Located on a small expansion shelf about midway between the Third and Fourth Circles, Musical Hell is presided over by Diva, a minor demon charged with passing judgement on the worst musicals ever committed to film. (She still hasn't figured out if this is their punishment or hers.) Take a seat on the bench and have your earplugs ready, because court is now in session.

New videos posted on the first Monday of the month. Other viewpoints, news, and general ramblings posted when they crop up.

Monday, May 21, 2012

10 Best Musical Moments in Non-Musicals

If there's one thing better than a really good musical, it's a really good musical sequence in a non-musical film or series. Music is always present in film and television—enhancing mood, establishing characters, and conveying the setting—but when it becomes the focus of the moment it can, if done properly, create something extraordinary. Romance becomes deeper, loss more wrenching, comedy funnier, and triumph even more awesome.
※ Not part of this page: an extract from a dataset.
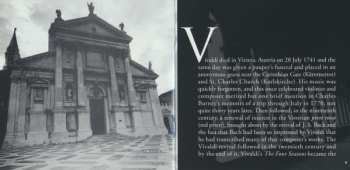 CD Antonio Vivaldi: Sonatas For Violoncello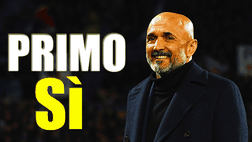 Calciomercato Napoli – Spalletti esulta: “Ha già detto sì”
So here's my list of the ten best interludes, montages, musical episodes, and other delights from movies and shows that don't normally step into the song and dance zone.

10.) “Hallelujah” from Shrek

With its overly sincere recital of melodramatic, metaphor-heavy lyrics (“I saw your flag from the marble arch/But love is not a vict'ry march/It's a cold and it's a broken Hallelujah”), Leonard Cohen's oft-covered ballad can be cheesy in the extreme if done wrong, or a gut-punching tearjerker if done right. The first Shrek film, using a version performed by John Cale, gets it right. It appears during the emotional low point of the film, with Shrek and Princess Fiona separated and alone after a mutual misunderstanding derailed their budding affection. He's returned to his cherished, isolated swamp, she is preparing for her wedding to diminutive tyrant Lord Farquaad. Both have what they've been fighting for the entire movie, and both of them couldn't be more miserable about it. The song fits the regret and hopelessness in the scene, and the dissolves between the characters are remarkably well-done.



9.) “Mayhem of the Music Meister!”, Batman: The Brave and the Bold

Whenever a series does a musical episode, the question arises: how do we get these people who don't normally sing and dance singing and dancing? Dream sequence? Just run with it and pretend nothing weird is going on? Sure, those routes can work fine. But if you're working with a show that already has a touch of the fantastic about it, there's one way to provide an in-universe justification for the concept: introduce a character who brings the singing and dancing with them. “Mayhem of the Music Meister” is one of two great musical episodes that employs this idea. The titular antagonist (voiced by special guest villain Neil Patrick Harris) is a former choir geek who discovered his singing had hypnotic capabilities, and plans to use this power in the most tuneful plan for world domination ever devised. The result meshes well with the Silver Age silliness inherent in the show, and thanks to Harris is a lot of fun to listen to.

(Note: decent embed-able scenes from this cannot currently be found on YouTube.  Go look it up, it's awesome.)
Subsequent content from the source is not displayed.